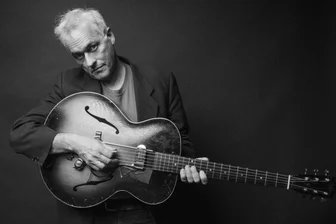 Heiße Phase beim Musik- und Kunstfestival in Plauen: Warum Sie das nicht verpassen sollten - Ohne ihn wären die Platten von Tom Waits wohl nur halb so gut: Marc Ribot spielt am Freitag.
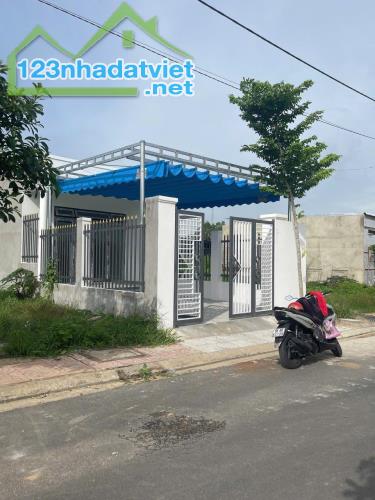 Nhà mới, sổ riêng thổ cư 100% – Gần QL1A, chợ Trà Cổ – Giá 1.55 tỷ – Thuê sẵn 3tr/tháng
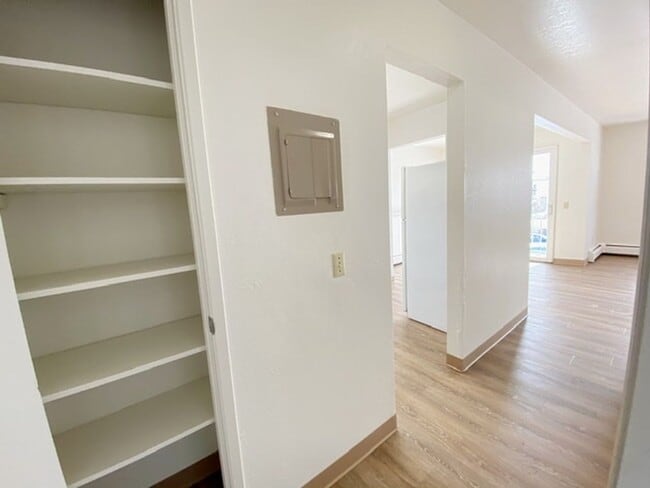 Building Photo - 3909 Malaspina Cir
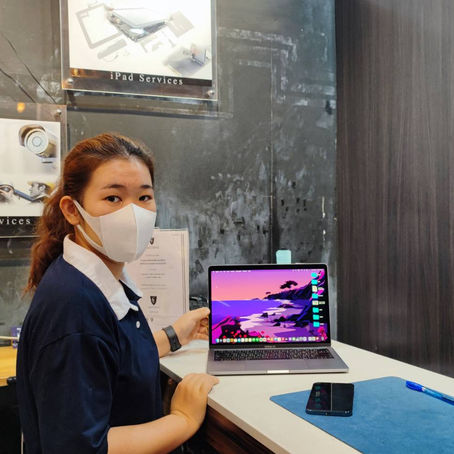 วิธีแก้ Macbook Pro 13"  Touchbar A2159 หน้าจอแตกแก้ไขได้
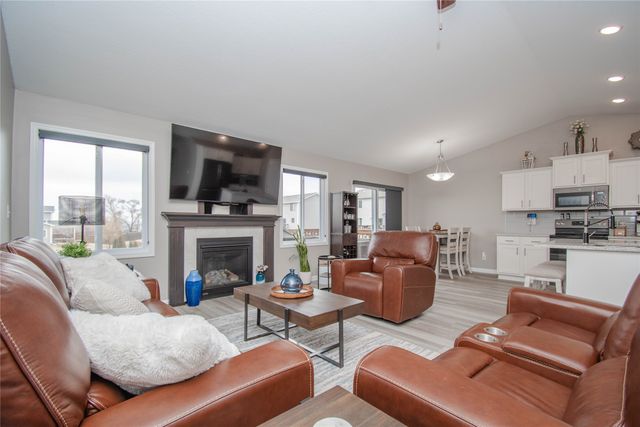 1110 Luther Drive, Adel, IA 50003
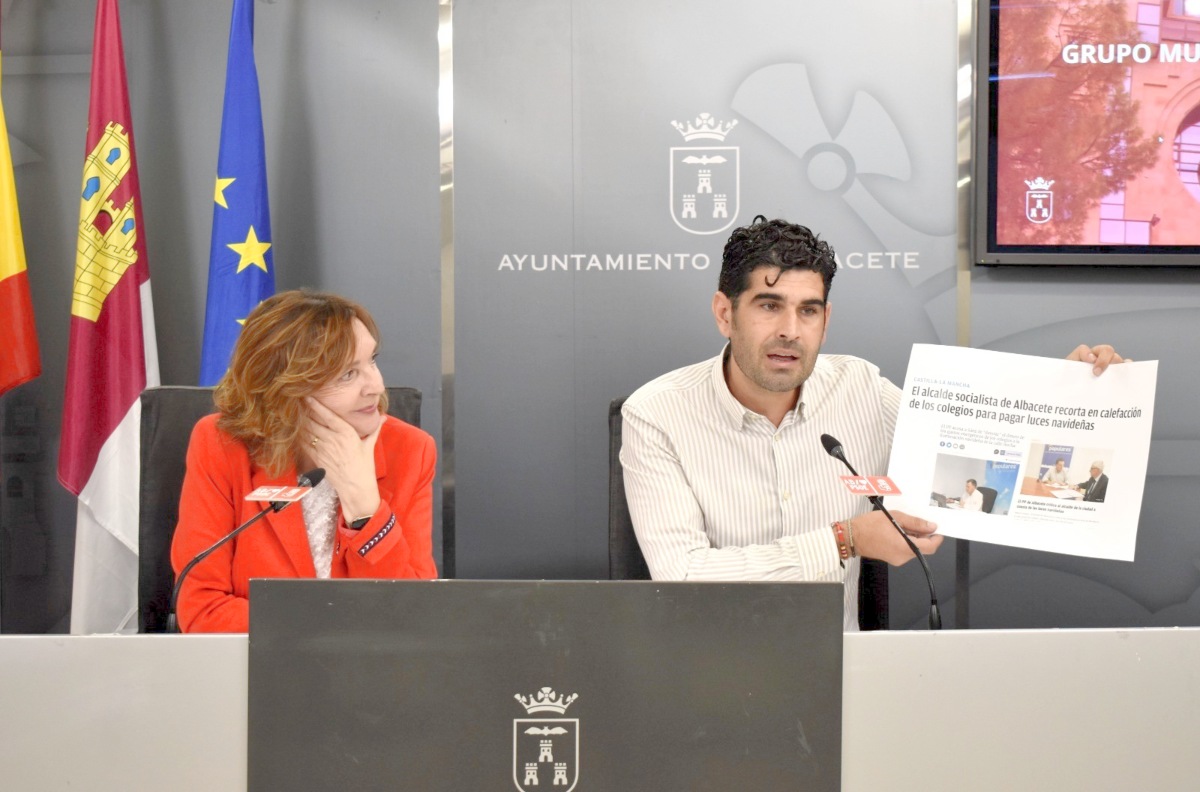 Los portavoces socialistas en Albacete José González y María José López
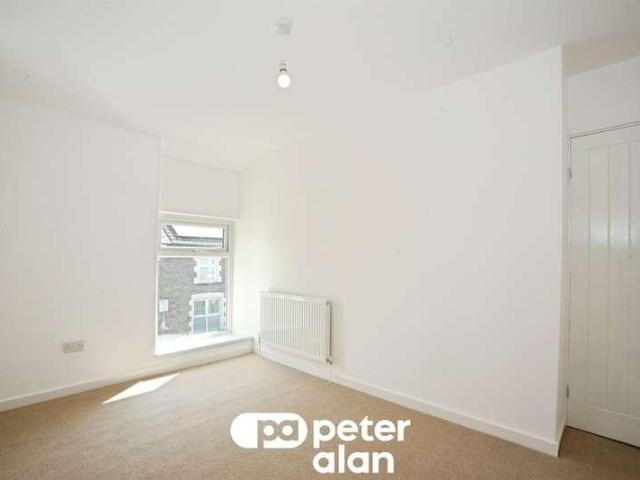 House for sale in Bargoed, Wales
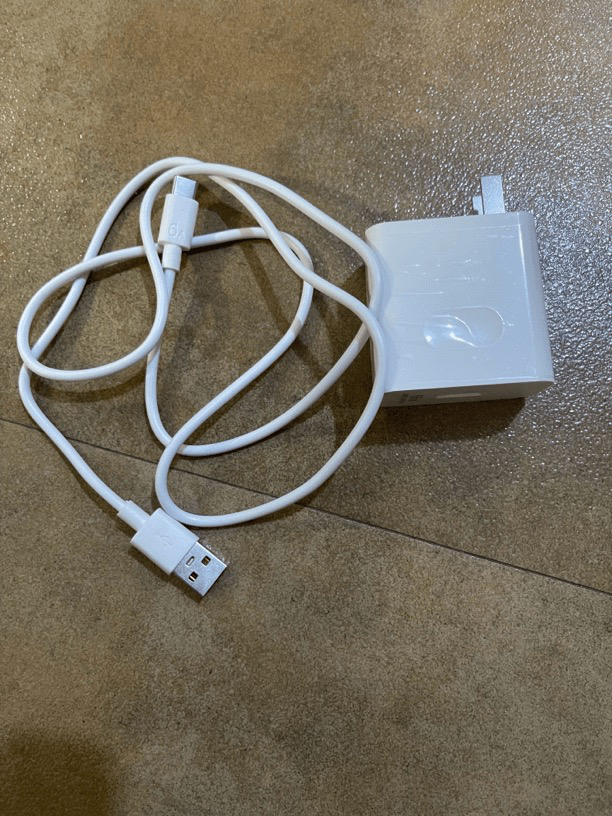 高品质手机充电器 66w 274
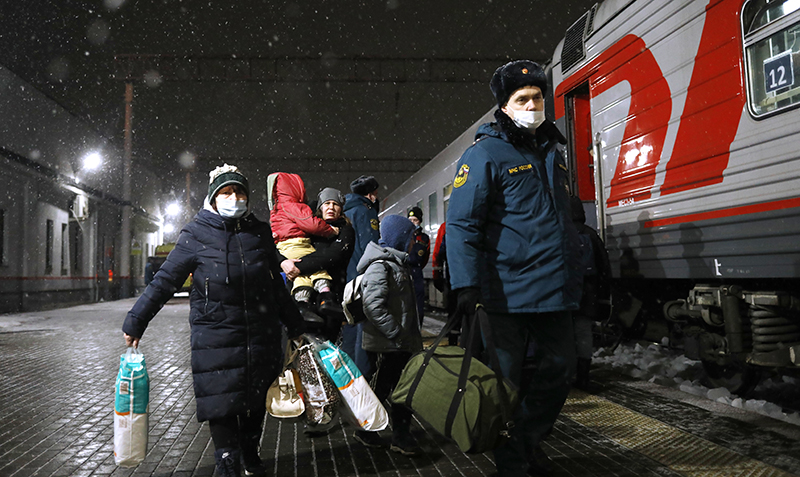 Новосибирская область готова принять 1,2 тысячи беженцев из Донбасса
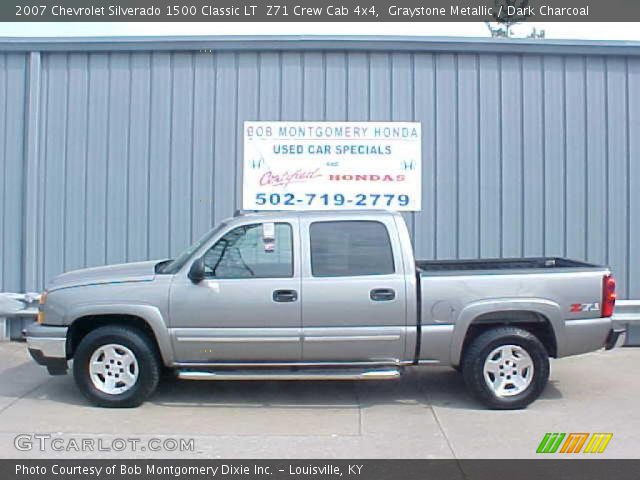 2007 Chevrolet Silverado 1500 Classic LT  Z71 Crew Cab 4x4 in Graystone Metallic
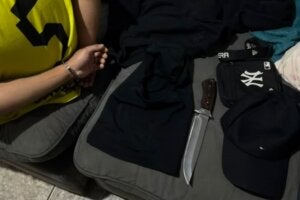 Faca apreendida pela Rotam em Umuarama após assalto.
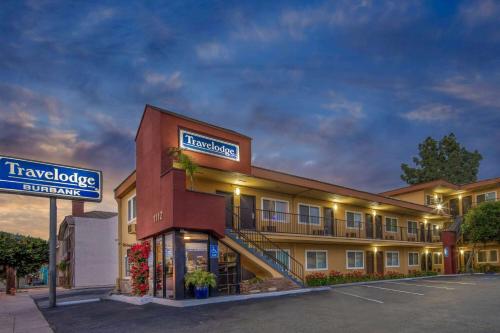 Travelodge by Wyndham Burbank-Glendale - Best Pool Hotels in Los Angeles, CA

• • •

* EXERCISE DIRECTIONS
Leaving every picture out, please copy exactly the lines from the one holding "1110 Luther Drive, Adel, IA 50003" through the last line of the listing, both ends included.

* WRITTEN SOLUTION
 1110 Luther Drive, Adel, IA 50003
 Los portavoces socialistas en Albacete José González y María José López
 House for sale in Bargoed, Wales
 高品质手机充电器 66w 274
 Новосибирская область готова принять 1,2 тысячи беженцев из Донбасса
 2007 Chevrolet Silverado 1500 Classic LT  Z71 Crew Cab 4x4 in Graystone Metallic
 Faca apreendida pela Rotam em Umuarama após assalto.
 Travelodge by Wyndham Burbank-Glendale - Best Pool Hotels in Los Angeles, CA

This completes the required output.